Okay … ‘Sucker Punch’ has been slammed by some of the worst reviews I’ve seen this side of ‘The Last Air Bender’ and its box office takings in the US have fallen off a cliff but I still have the feeling that ‘Sucker Punch’ will, in twenty years or so, be seen as a seminal movie.
Let me explain …
Hollywood – filmmakers generally, actually – are periodically blindsided by cultural/technological change. They were sniffy about TV and found themselves adrift in the 50’s when they were hit for six by this ‘new’ entertainment format. They were similarly nonplussed by the commercial success of games in the ‘80’s and were left floundering in gaming’s wake. And now they are struggling with the impact of the Net. All these formats Hollywood should have owned … but they didn’t. But I suspect that there are a few visionaries in La La Land who recognise a challenge when they see one and rise to it. And one of these is the director of ‘Sucker Punch’, Zack Snyder.
Until I came to ‘Sucker Punch’ I hadn’t been much of a Snyder fan: ‘Watchmen’ I thought an overblown mess and ‘300’ suffered by being too slavishly enraptured of Frank Miller’s original.
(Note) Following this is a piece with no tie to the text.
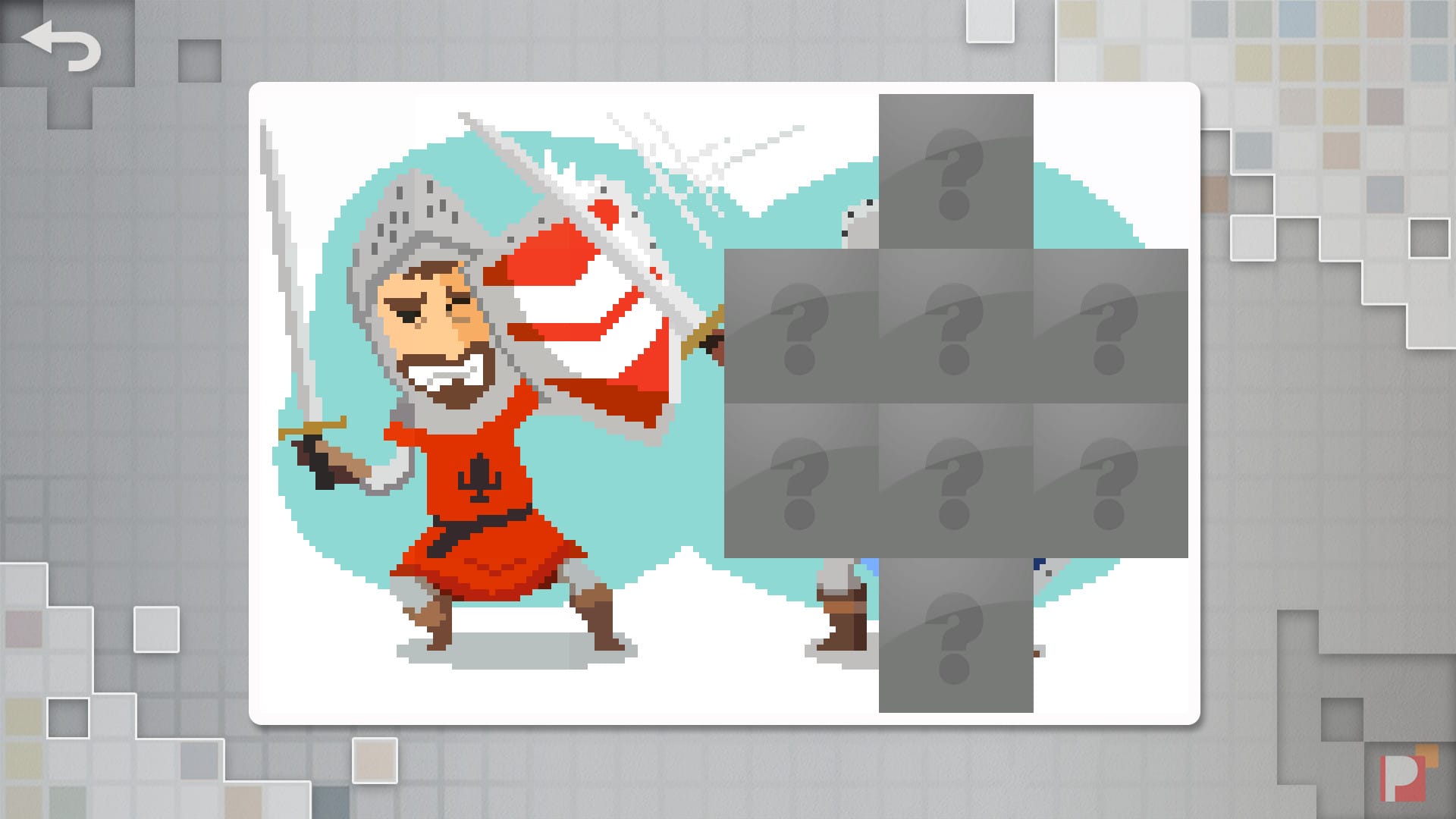 画之谜|官方中文|Draw Puzzle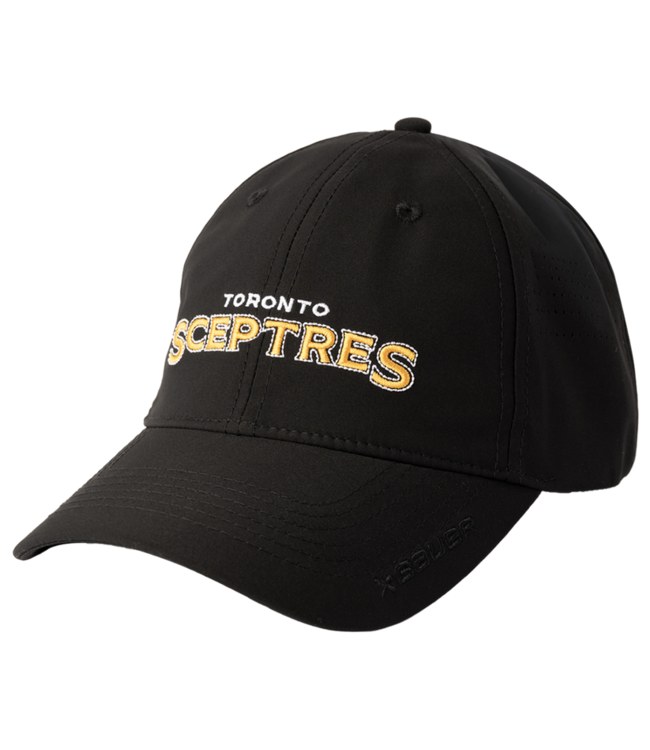PWHL PONYFLO HAT WOMENS TORONTO SCEPTRES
It seems to me that unencumbered by fan demands that he ‘honour’ original source material, Snyder’s imagination has been given a real chance to soar. And soar it most certainly does.
‘Sucker Punch’ tells the story of a young girl – Baby Doll – incarcerated in an asylum and facing a lobotomy, who retreats into a fantasy world as she tries to engineer an escape. Now the plot has been lambasted as escapist trash but I actually think it works. The lunacy of the three levels of reality Baby Doll populates intermesh well and I thought it convincing enough to suspend belief. And the sheer visceral excitement of the adventures Baby Doll and her pals experience is astonishing: the steampunky artefacts Snyder brings to the screen are mind-blowing. This is some of the most exciting film-making I have EVER seen.
Much has been made of the girls’ costumes, that they have a near-pornographic aspect designed to titivate teenage boys. All I can say is this is hokum. Kit, my elder daughter, is a great manga devotee and she explained in detail that the costumes were manga-esque in their conception. Neither she nor Ellie (both intelligent and sassy teens) had any problem with the girls’ outfits. Sure I could see where some viewers steeped in knee-jerk feminist thought could take affront but for kids used to wearing this stuff there was no problem. In fact they saw the adventures of Baby Doll et al as quite empowering: here were a gang of girls fighting hard for their freedom and handling the knocks they got along the way pretty stoically.
On a more mundane level the colouring of the film is marvellous, the soundtrack terrific, the camera work (especially the close-ups) as good as any I’ve seen and the editing simply wonderful.
But to me, what ‘Sucker Punch’ does supremely well is conflate all the elements of modern entertainment – film, music, video, internet and gaming – and mash them up into one piece of amalgamated entertainment. It’s the first time I’ve seen this accomplished with such panache: it knocks ‘Tron’ into a cocked hat. And this is why I believe it will be cited in twenty years as the film which was the first to successfully bridge the divide between all the entertainment platforms.
I’d urge you to go and see ‘Sucker Punch’ but only if you can leave any cultural or intellectual sniffiness you might be carrying outside the door of the cinema. If you can, prepare to be amazed.